Confocal laser scanning microscopy (CLSM) images revealed green fluorescence signals localized within the cavities of the flasklike colloidal motors, which is derived from the natural chlorophyll present in thylakoid membranes, upon excitation at a wavelength of 488 nm. Conversely, the red signals observed are attributed to the rhodamine staining of the flasklike colloidal particles when excited at 536 nm, as depicted in Fig. 1F. To verify the incorporation of thylakoid vesicles in the cavity of the flasklike colloidal motors rather than merely sticking to the surface, the contact angle of flasklike colloidal particles and colloidal motors were examined. Note that the contact angle of flasklike colloidal particles (Fig. S5) and flasklike colloidal motors (Fig. 1G) were 30 ± 2° and 35 ± 4°, respectively, indicating that the as-prepared motors retained their original surface wettability not affected by the infusion of thylakoid vesicles. The thylakoid vesicles, originating from the native thylakoid protein-enriched phospholipid membrane, were characterized by a Fourier infrared spectrometer (FTIR). Specifically, the peak at 1,700 cm⁻¹ was associated with -C=O stretching, the peak at 1,640 cm⁻¹ corresponded to -C=C- stretching, and the peak at 1,096 cm⁻¹ was assigned to the stretching vibration mode of -OH. These spectral features are also observed in both flasklike colloidal particles and colloidal motors. Furthermore, the peak at 2,830 cm⁻¹, attributed to hydroxyl -CH stretching, aligns with the -CH stretching peak in the flasklike colloidal particles, also evident in the colloidal motors. In other words, the component of F_oF₁-ATPase-embedded thylakoid vesicles also persisted within the flasklike colloidal motors (Fig. 1H). Furthermore, the ultraviolet (UV)-visible absorption spectra demonstrate consistent absorption bands at 435 and 676 nm for both thylakoid vesicles and flasklike colloidal motors (Fig. 1I). The fluorescence spectra further indicate the presence of the characteristic chlorophyll emission peak at 687 nm (λ_ex = 488 nm) in both flasklike colloidal motors and thylakoid vesicles, as shown in Fig. 1J. This observation confirms the presence of pigments (e.g., chlorophyll a, chlorophyll b, carotene, and lutein) [47] derived from the thylakoids. Taken together, all these findings confirmed the effective integration of F_oF₁-ATPase-embedded thylakoid vesicles into the cavities of flasklike colloidal motors.
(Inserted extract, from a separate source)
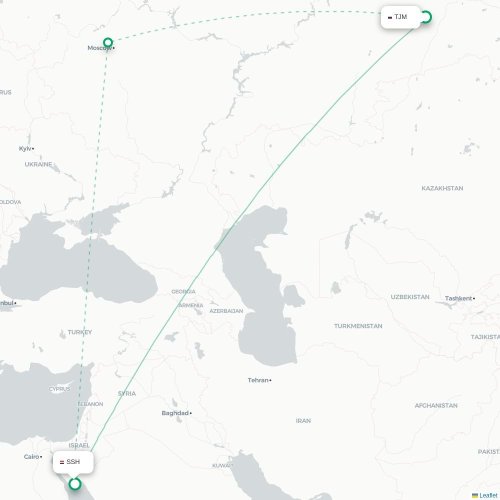 Mapa de vuelo directo Tyumen - Sharm el-Sheij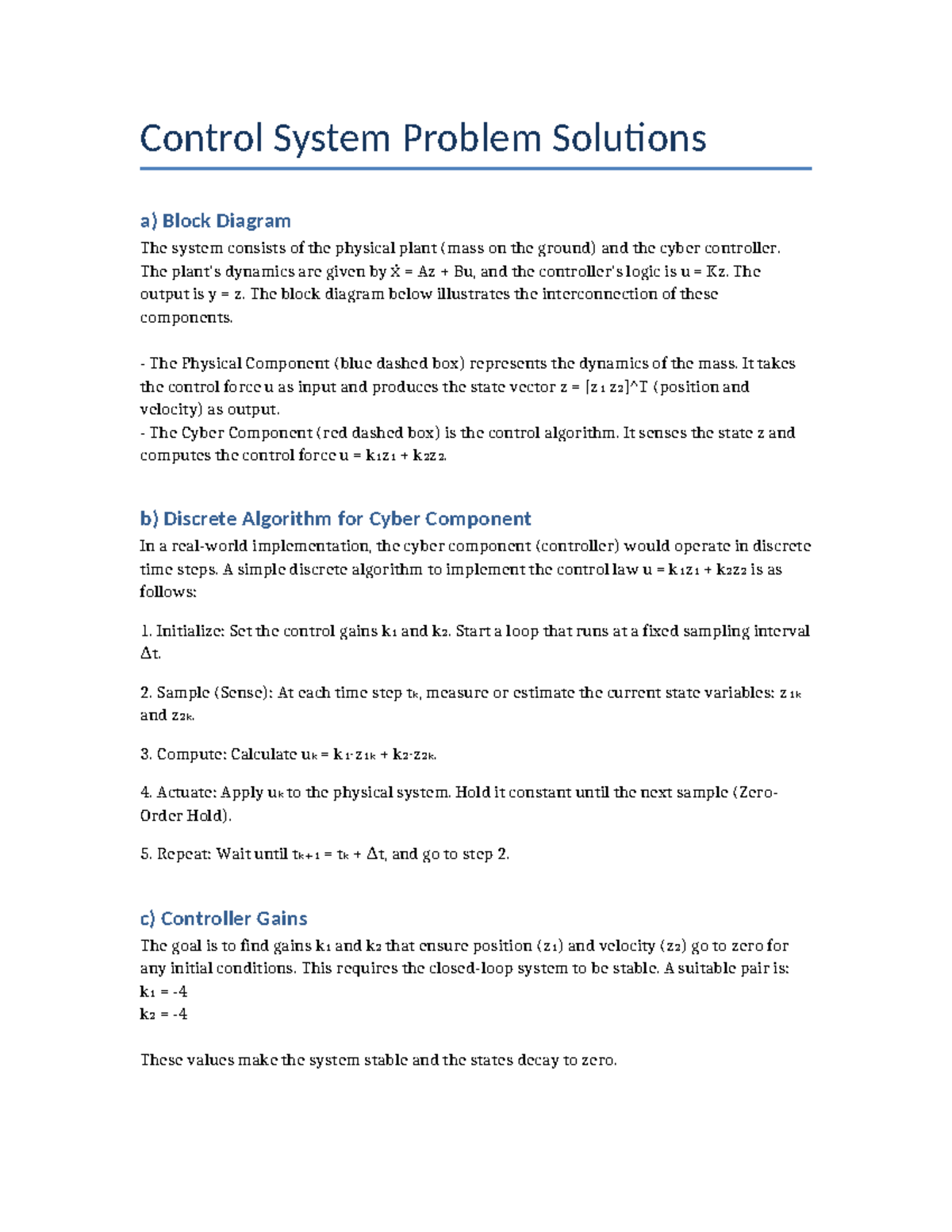 FSM-Control System Problem Solutions: Block Diagram & Discrete ...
A strategy based on acid-base transactions was employed to generate transmembrane proton gradients that drive the rotation of F_oF₁-ATPases within the cavity of the flasklike colloidal motors, as scheme illustration in Fig. 2A. Before the incorporation of thylakoid vesicles, the as-assembled thylakoid vesicles were incubated in acidic solutions with variable pH values from 4.8 to 7.0 (Table S1), leading to a decreased pH level of the internal liposomal phase (pH_in) accordingly. Then, the as-assembled flasklike colloidal motors were mixed with a higher-pH buffer (ranging from pH 7.0 to 8.8), representing the internal liposomal phase's acidity level (pH_out). In this case, the transmembrane proton potential of the thylakoid vesicles was established. The time-lapse images (Fig. 2B and C; see also Movie S1) show that these flasklike colloidal motors can move along a direction from the bottom to the single opening once generating a pH difference (ΔpH = 4) between the interior and exterior pH values. The directional motion was further examined by monitoring the flasklike colloidal motors, specifically analyzing the angle between the directions of subsequent movements and orientation (Δϕ), which were defined as schematically illustrated in the inset of Fig. 2D. Subsequently, the angle Δφ between the polarities of the motors was measured over 14 s (Fig. 2D). It is further apparent that the flask-shaped colloidal motors tended to move from the rounded bottom toward the opening neck.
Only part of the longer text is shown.